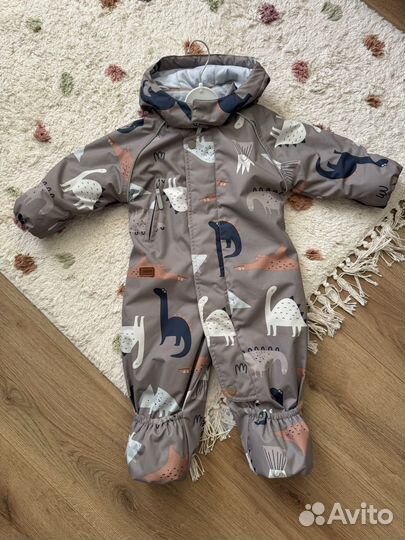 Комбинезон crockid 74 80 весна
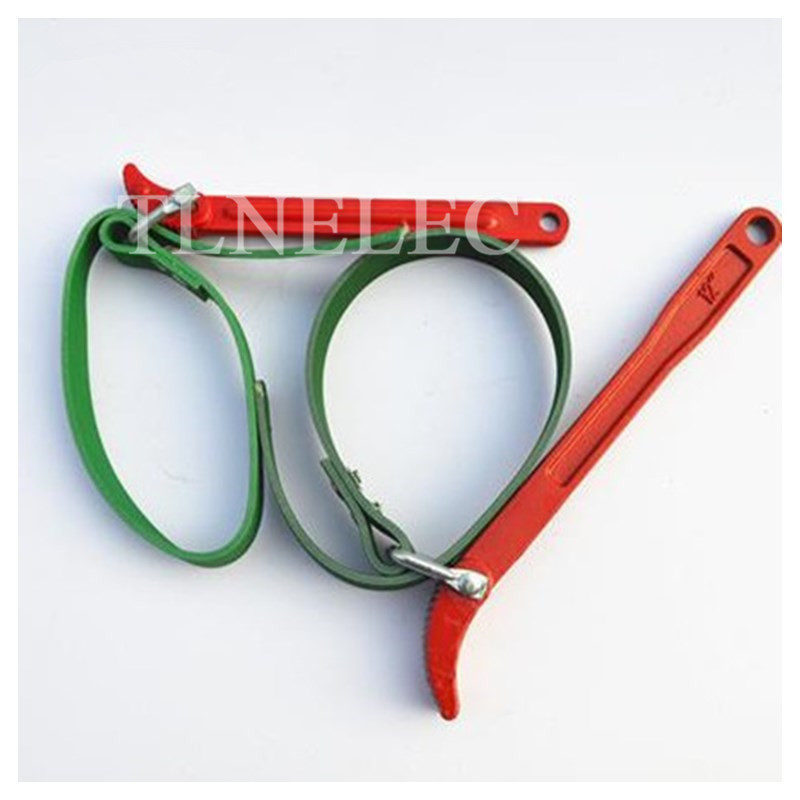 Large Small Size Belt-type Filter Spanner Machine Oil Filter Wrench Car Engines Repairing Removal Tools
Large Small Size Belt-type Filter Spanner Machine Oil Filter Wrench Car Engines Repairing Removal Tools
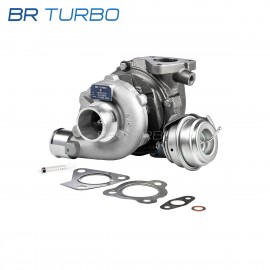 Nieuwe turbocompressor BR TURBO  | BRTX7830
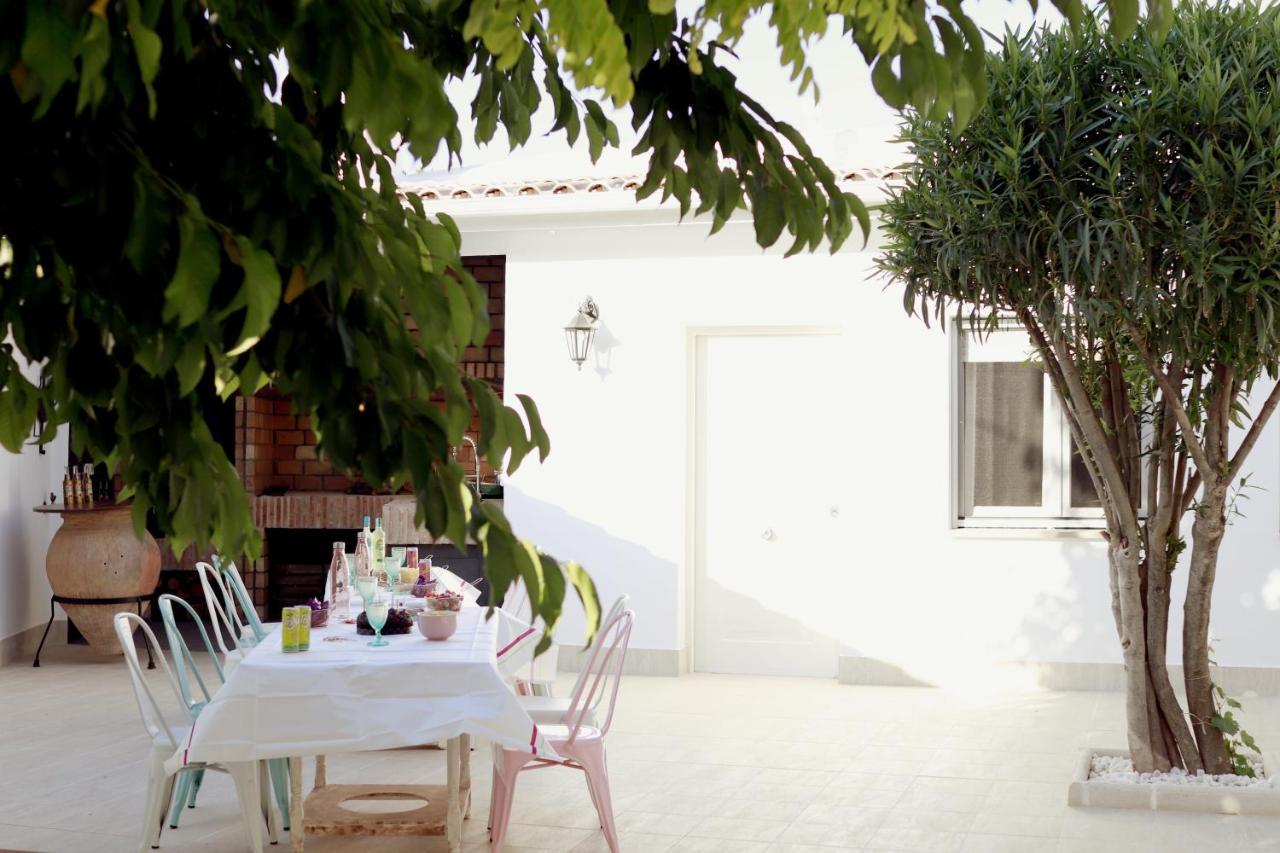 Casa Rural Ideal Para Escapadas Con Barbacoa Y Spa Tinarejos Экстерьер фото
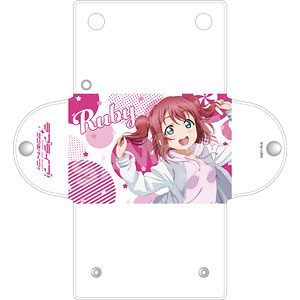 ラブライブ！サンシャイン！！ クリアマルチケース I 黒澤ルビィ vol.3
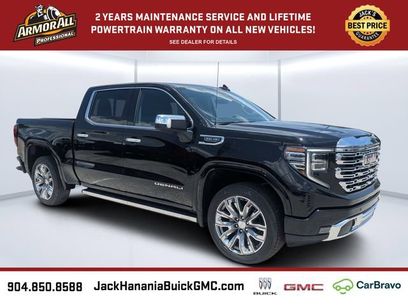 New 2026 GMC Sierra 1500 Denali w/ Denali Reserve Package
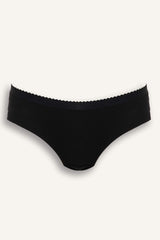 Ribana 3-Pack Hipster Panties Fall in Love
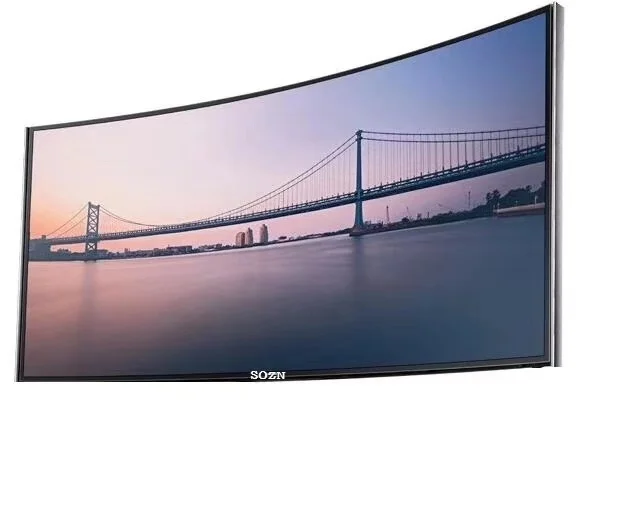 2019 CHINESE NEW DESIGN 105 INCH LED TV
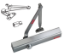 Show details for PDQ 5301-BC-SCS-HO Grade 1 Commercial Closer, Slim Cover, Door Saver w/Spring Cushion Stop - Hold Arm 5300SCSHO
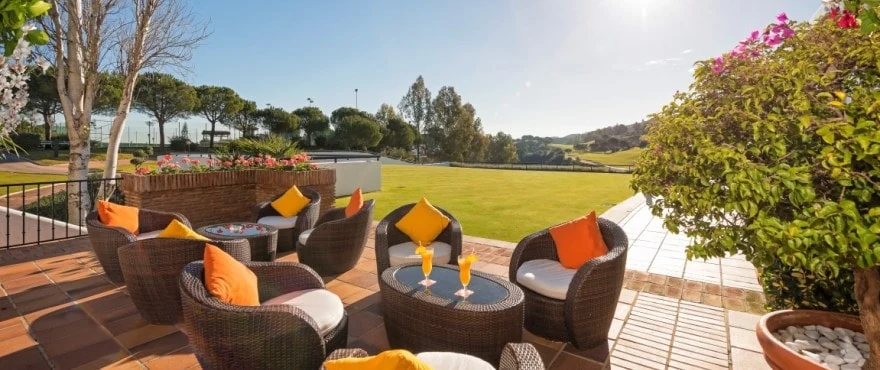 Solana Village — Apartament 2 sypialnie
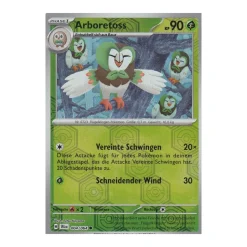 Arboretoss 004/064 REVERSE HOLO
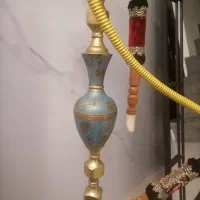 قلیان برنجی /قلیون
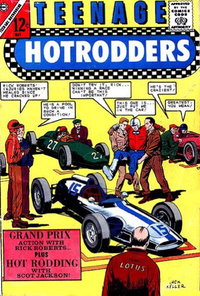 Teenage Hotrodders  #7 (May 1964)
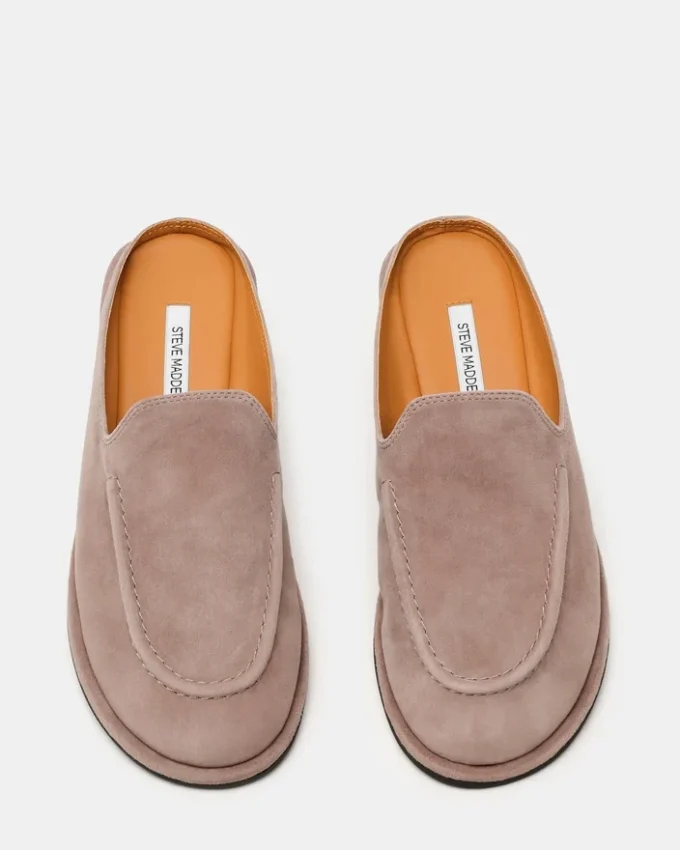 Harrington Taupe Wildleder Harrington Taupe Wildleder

..........

• [TASK ITEM]:
Quote the material above exactly, from the line holding "Solana Village — Apartament 2 sypialnie" through its last line, including both. Omit the pictures.

• [ANSWER FOR THE TASK]:
 Solana Village — Apartament 2 sypialnie
 Arboretoss 004/064 REVERSE HOLO
 قلیان برنجی /قلیون
 Teenage Hotrodders  #7 (May 1964)
 Harrington Taupe Wildleder Harrington Taupe Wildleder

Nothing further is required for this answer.